The goal of Gen AI in Customer Support
Put simplistically, the overall goal of implementing Gen AI is some combination of:
- Improve the customer experience.
- Reduce the size/ cost of the support function.
There are two key ways to achieve these goals in the context of this customer journey: either moving interactions further left on our diagram or resolving interactions faster where they already are.
Move interactions left
Very roughly, if queries are handled further left on this journey, customers will be happier. For example, it's a better experience to have a system pre-empt your query and present you with the answer than to call a support line, particularly if that support line is slow to resolve the problem.
But it's very easy to overdo this. The easiest way to ensure you pre-emptively address a customer query is to constantly bombard them with all possible information. You will show them what they need and potentially deflect that query from the support team, but you'll also show them loads of irrelevant information and annoy them.
Similarly, self-service is great if it's quick and easy, but forcing a customer to read through hundreds of pages of documentation because you don't want a phone call from them is also a much worse experience for the customer.
These downsides are easily measurable, for example, the number of 'false positives' identified as part of the pre-empt stage or the amount of time (and number of clicks) it takes for a customer to self-serve. It's just important to make sure you actually measure both of those things and mitigate these downsides.
Make interactions faster
Speed of customer support matters. Pre-empt and self-heal are necessarily real-time activities, but in both the self-serve and support team response stages, speed to resolve the query is a vital component in the quality of customer service. Gen AI can unlock a lot of value by doing what you're currently doing faster before having to completely redesign things.
Unlike 'move interactions left', it's tough to overdo it on making them faster.
Where to start
Just like in other digital transformation projects, the first step is to consider some of the use cases in each part of the customer journey. Some examples are shown in blue in the diagram below:
For each use case, we need to classify at least each of the following:
- The value delivered by that use case
- The risk involved with that use case
- The data and technology requirements of that use case
Then, just like any other digital or data transformation, the goal is to sequence these use cases to maximise the value delivered while incrementally building up the data and technology requirements over time to support future use cases. All of this should be done while controlling for risk, which is particularly important in a customer-facing role like the ones being discussed here.

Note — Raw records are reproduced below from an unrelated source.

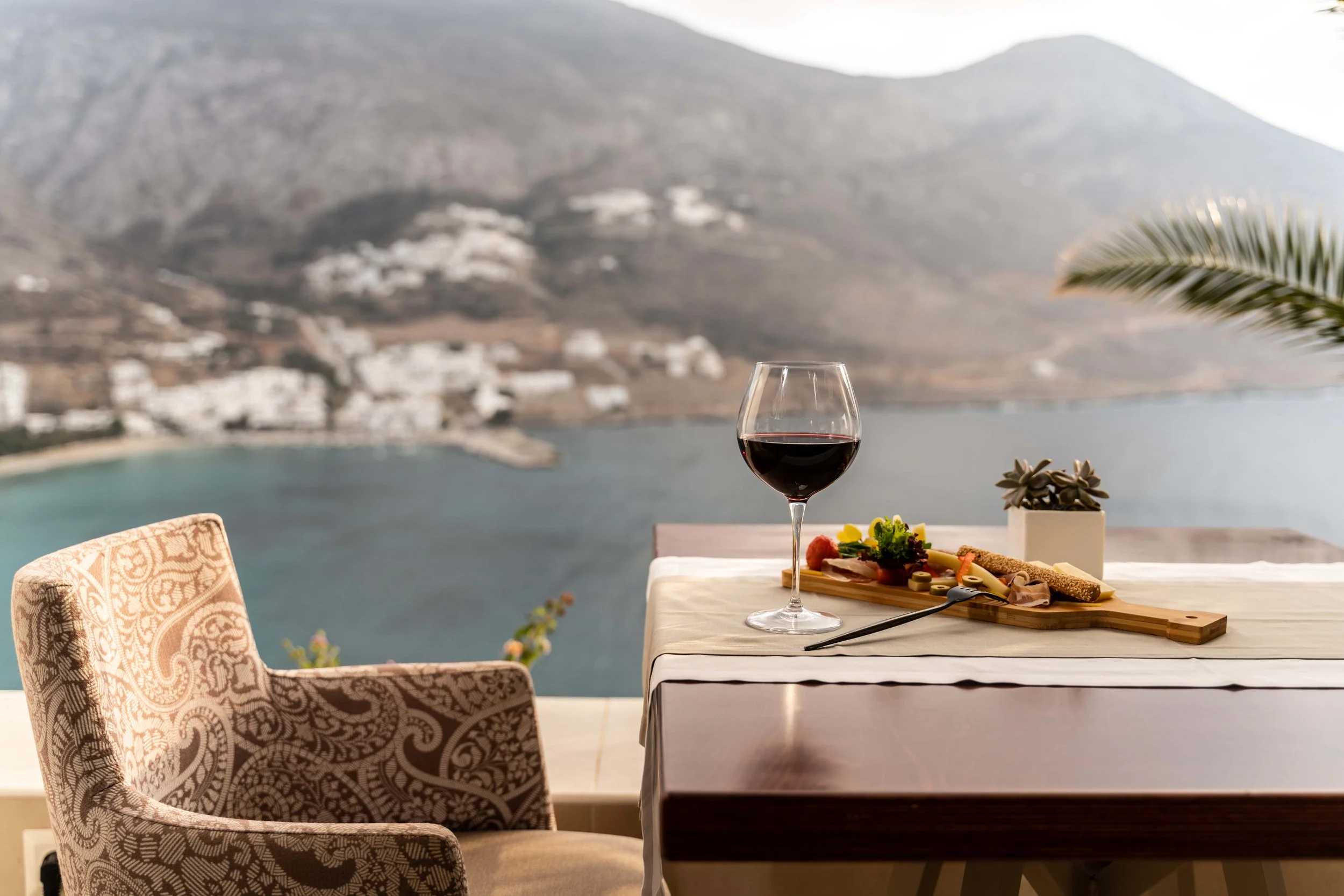 Sea-view terrace dining at Aegialis Hotel & Spa in Amorgos, Greece, with a glass of red wine and Mediterranean sharing platter.
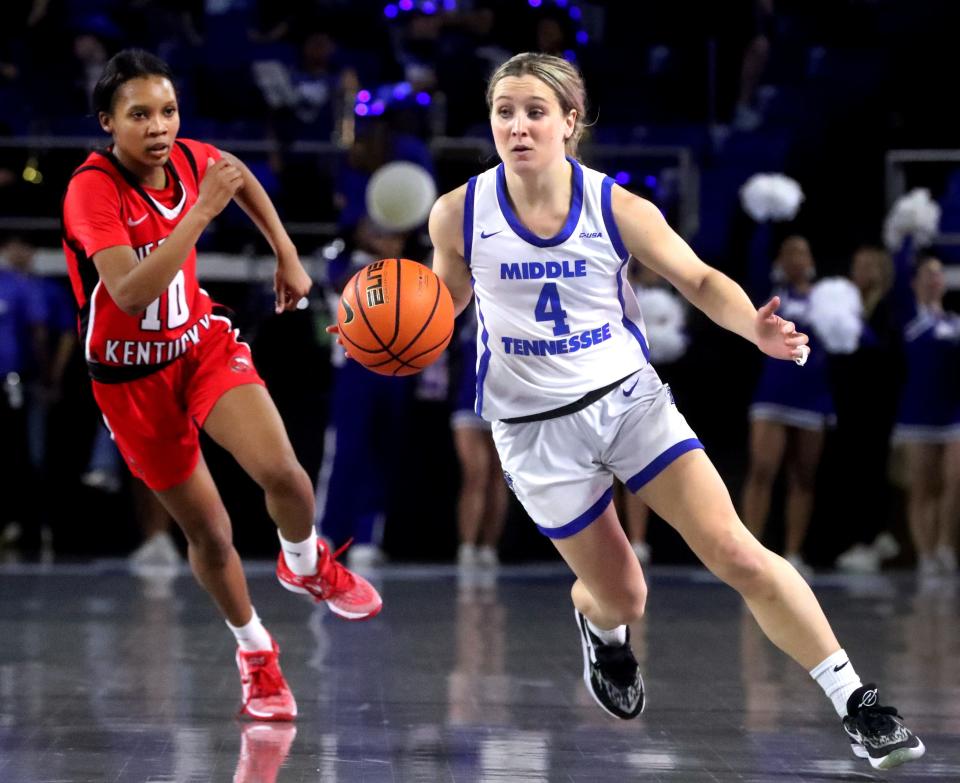 Middle Tennessee guard Savannah Wheeler (4) brings the ball down the court as Western Kentucky guard Acacia Hayes (10) defends during the women’s basketball game in Murphy Center at MTSU on Saturday, Feb. 3, 2024.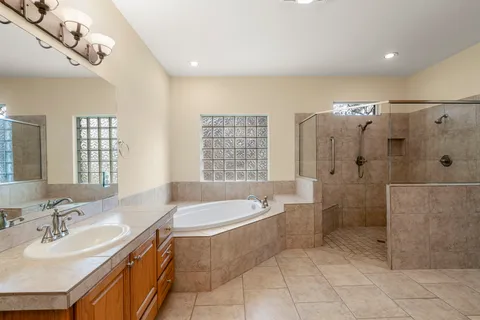 a bath room with a bath tub and a sink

This will often mean that while the actual value is available on the left-hand side of this diagram, it is both easier and lower risk to start delivering use cases on the right-hand side. But even these can release a lot of value while building up the data and tech capabilities to deliver more transformational use cases further down the line.
Conclusion
That's a quick overview of how I would consider the potential for improving customer support using Gen AI. As I said upfront, nothing in this article is particularly new in theory. This just means applying the lessons from previous articles to a new journey with potentially even more value.
Of course, one of the key enablers here is going to be data. If an organisation has built up a mature data architecture, like what I've talked about in previous articles, that will give it a huge head start over others who need to do that foundational work alongside the AI implementation.